Clerks the Animated Series Deserves More Love

Television history is filled with plenty of infamous flops that barely made it to air before the networks gave them the chop: 2012 crossdressing series “Work It,” a 2007 musical drama “Viva Laughin” that the New York Times referred to as possibly “the worst show in the history of television,” and the 1990 British sitcom about Hitler “Heil Honey, I’m Home.” 25 years ago, an animated series adaptation of Kevin Smith‘s 1994 cult film “Clerks” joined that dubious club — and seemed cheerfully aware of its fate the entire time.

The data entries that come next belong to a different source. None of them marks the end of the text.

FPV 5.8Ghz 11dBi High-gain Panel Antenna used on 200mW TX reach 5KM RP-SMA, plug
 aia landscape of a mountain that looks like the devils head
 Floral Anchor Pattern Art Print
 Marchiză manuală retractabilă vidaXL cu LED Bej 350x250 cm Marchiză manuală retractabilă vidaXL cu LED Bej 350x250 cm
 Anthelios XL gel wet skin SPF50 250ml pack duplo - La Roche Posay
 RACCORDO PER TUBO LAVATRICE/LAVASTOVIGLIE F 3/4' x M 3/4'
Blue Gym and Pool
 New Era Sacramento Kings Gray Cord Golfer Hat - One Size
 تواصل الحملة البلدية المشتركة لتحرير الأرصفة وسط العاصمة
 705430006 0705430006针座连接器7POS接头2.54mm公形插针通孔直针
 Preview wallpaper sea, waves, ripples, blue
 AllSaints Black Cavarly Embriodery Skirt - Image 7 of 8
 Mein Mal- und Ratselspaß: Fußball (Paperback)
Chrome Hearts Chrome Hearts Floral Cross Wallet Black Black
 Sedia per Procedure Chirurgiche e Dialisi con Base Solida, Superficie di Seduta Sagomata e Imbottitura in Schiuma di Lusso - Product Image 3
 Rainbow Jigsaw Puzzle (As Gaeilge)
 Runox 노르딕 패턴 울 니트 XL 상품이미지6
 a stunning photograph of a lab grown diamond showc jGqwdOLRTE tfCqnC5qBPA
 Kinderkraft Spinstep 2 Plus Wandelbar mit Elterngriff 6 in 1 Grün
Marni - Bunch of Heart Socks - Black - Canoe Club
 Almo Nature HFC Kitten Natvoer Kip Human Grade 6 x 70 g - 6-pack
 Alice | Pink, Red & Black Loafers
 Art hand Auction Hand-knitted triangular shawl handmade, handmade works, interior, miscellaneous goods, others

In the pilot episode of the ABC adult animated sitcom, which remarkably was not one of the two episodes that were broadcast before the show got canceled and burned off over at Comedy Central, the lead characters Dante and Randal (voiced by Brian O’Halloran and Jeff Anderson) watch an episode of “The Secret Diary of Desmond Pfeiffer” — “America’s #1 sitcom,” as they put it. A relatively deep cut reference even in the year 2000, most people now would assume the show, about the Black butler of Abraham Lincoln’s White House, is just a fake show invented as a gag. But it was very real: it premiered in 1998 on UPN, was the subject of boycotts and protests by the NAACP for its insensitive handling of slavery, and ultimately was canned after four episodes aired.
By invoking such a notorious flop, the “Clerks” animated series was practically daring the same fate upon itself — and in the end, it only lasted half as long as “Desmond Pfeiffer.” But that joke also exemplifies why the show, which premiered with its fourth episode on May 31, 2000, was such a weird, delightfully unpredictable hidden gem, and still the best thing Kevin Smith has ever attached his name to.

Developed for television by Smith, his frequent collaborator Scott Mosier, and David Mandel (best known for his work on “Seinfeld”), “Clerks: The Animated Series” took the original film — a black and white, dirtbag hangout comedy made on a minuscule budget — and turned it into a densely wacky animated series, complete with a megalomaniac billionaire named Leonardo Leonardo (Alec Baldwin) that bears more than a bit of a resemblance to Mr. Burns from “The Simpsons.” That makes it easy to dismiss the show as just stupid, an attempted translation of a cult hit that misses the mark on what made it special. But the show, which renders the characters of the film in the appealingly thick-lined style of “Kim Possible” and “Danny Phantom” art director Stephen Silver, was subtly subversive and fresh, with a meta approach to its humor that feels a few years ahead of its time.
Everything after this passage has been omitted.